I am fascinated by "group work." Amazing things come out of group projects, group discussion, group social gatherings, support groups, book groups, the list goes on. There is something really special that happens when we put our heads together. Hellen Keller said "Alone we can do so little, together we can do so much."
I am especially interested in the patterns of communication that happen in a group. No matter the topic or setting, there are two main types of group participants. There always seem to be participants who are the first to speak and to take up the most time and space with their opinions. And there are others who remain quiet, either speaking last, speaking briefly and quietly, or not at all. Then there are others who rest comfortably in the middle but usually tend to one side of this spectrum. The larger the group, the more unique individuals there are to navigate and the more polarized the extremes become. In life there are introverts and there are extroverts. There are linguistic thinkers and there are visuospatial or analytical thinkers. There are outgoing people and there are shy people. But when we are committed to a group's collective consciousness, every voice is important.

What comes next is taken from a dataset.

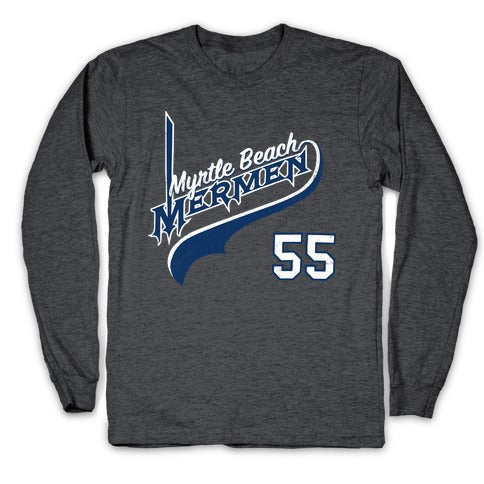 Vintage Kenny Powers Jersey Longsleeve Tee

I recently found myself getting acquainted with a new (and super amazing) group of individuals as I embarked on my latest journey: Yoga Teacher Training Program at Inner Strength Studios. I am thrilled that these people are on the path with me. They are loving seekers and I can already tell I will learn so much from this community. But we each come to the table with old habits and patterns, some that serve us, some that don't, and some that served us in one moment but are no longer aligned with our highest purpose. Like any group, we have some who are outspoken and some who are more hesitant to speak.
People who know me are often surprised to learn that I tend toward the quiet, speak last side of the participant spectrum! But this absolutely showed up in my first group discussion experiences with my new community. Sitting on my yoga mat in a big circle discussion, I was reminded of a valuable tool taught in many Unitarian Universalist communities. "Step Up, Step Back." This is a guideline for group discussions that encourages individuals to be aware of their own tendencies and consciously do the opposite. Those who find it easy to speak might wait to make space for those for whom it is more difficult. And us quieter folks might go out on a limb and speak up.
At first I was irritated by all the vocal, confident speakers not making space for people like me to use their voices. But then, lightbulb moment, I remembered the other half of the tool: "step up." It is MY responsibility to use my voice even though it sometimes feels scary or vulnerable. As the weekend went on I got more practice with stepping up, and I worked on trusting that my insights and ideas were valuable to the group. Speaking up, and stepping up became a little easier. Although I am fine to know that this is a growing edge for me and I am not done yet.
Every voice counts. Every person arrives with their own unique set of experiences, strengths, and thoughts. Every opinion can inform the collective consciousness. When we allow for all voices to be heard, whether that is by stepping back to make space for them, or by stepping up to offer our own, the group wins.
What type of group participant are you? Where can you "step up" or "step back" in your life for the greatest good of your community and of yourself?